4.   the prisoners who were then at Pignerol: There were four state prisoners at Pignerol in March 1694, but of them only Matthioli and his valet remained of the original four left there by Saint-Mars when he moved to Exiles in 1681. Dubreuil was liberated soon after the Treaty of Regensburg in August 1684, and the Dominican monk died in January 1694. The two new prisoners were Breton, imprisoned there in November 1682, and Herse, moved there from the Bastille in August 1687. Little is known of Breton except that Louvois described his crime as nothing more than ‘a knavery’ and that he died still a prisoner on Sainte-Marguerite in August 1700. Herse was a tailor’s apprentice who was arrested and imprisoned at the age of fifteen for declaring that he was ready to assassinate the King if he could find someone willing to pay him for doing so. Official correspondence shows that in 1689 he tried to commit suicide and in 1692 to escape. No more is known of him except that he was still a prisoner on Sainte-Marguerite in 1701. As for Matthioli, he died in May 1694 soon after his arrival on Sainte-Marguerite. His unfortunate valet, who lived out his life under the prison-name ‘Rousseau’, died on the island in December 1699.

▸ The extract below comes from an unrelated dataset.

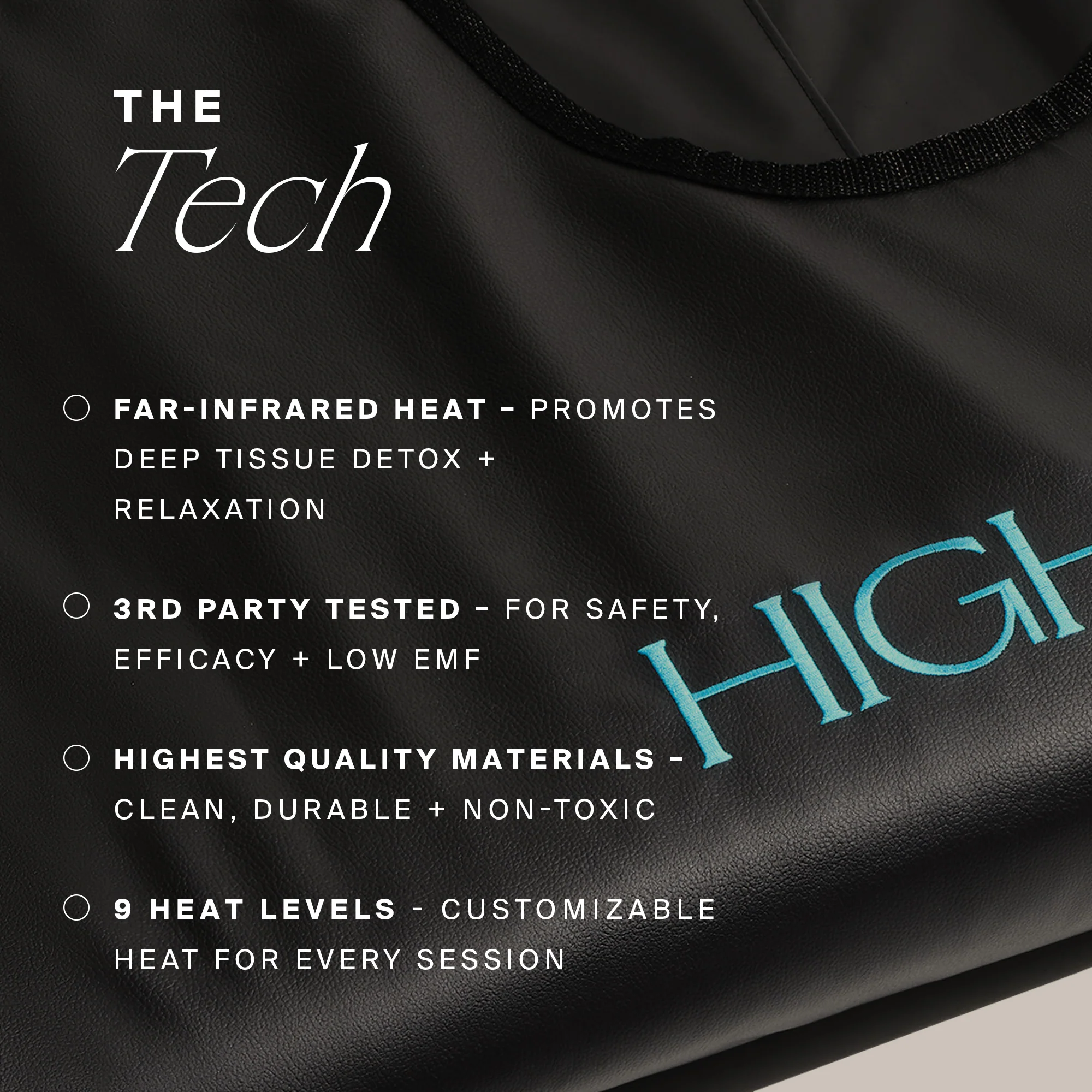 Higherdose Infrared Sauna Blanket V4 - Image 7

5.   The grammatical sequence in French, more obvious than in English, leaves no doubt that you can governs bring as much as it governs make.

6.   mask of steel: There is no reason to believe that Saint-Mars went to the trouble and expense of having a steel mask made. No doubt he simply made use of some old vizored helmet he found in the Château d’Exiles. The château had been the home of the Lesduiguières family for 87 years, from 1595 until 1682 when Saint-Mars received his command, and one may be sure that amongst the furniture which the Lesduiguières left behind were bits and pieces of display armour commonly used in the 16th and 17th centuries to furnish the halls of great houses.

7.   Iron Mask: the first published use of the name was made in 1750 by Charles de Fieux de Mouhy in a sensational novel which though called Le Masque de fer had nothing to do with the masked prisoner guarded by Saint-Mars. The preface to Mouhy’s book is not without interest however. To give some pretence of verisimilitude to the extravagant story he was to relate, he gave examples of four more Iron Mask stories, all fictions presented as fact:

The Turks tell the story that one of their emperors, wishing to be sure upon his throne, had his eldest son locked up in the Seven Towers, and fearing that the gentleness and majesty manifest in the features of that prince might seduce his guards and fill them with compassion, he covered his face with an iron mask made in such a way that it was impossible even for the most skilled craftsman to break or open it. There is also a tradition that in the time of Cromwell, a Scots prince was sent to the islands of the archipelago, and in order that he would not be recognized the method just described was employed. In the time of Dom Pedre, the cruel King of Spain, a father used the same device on one of his sons who had dishonoured him by a shameful act. At Stockholm they say that a prince named Jean Theull, who was jealous of his wife, made use of this method to achieve his ends: the day after his marriage, he put a sleeping-powder into his wife’s drink, and while she was asleep he enclosed her face in an iron mask made almost like a helmet: when his unfortunate princess awoke he made her believe that the misfortune which had happened to her was a punishment from Heaven for having gloried too much in her own beauty and inspired love in men other than himself.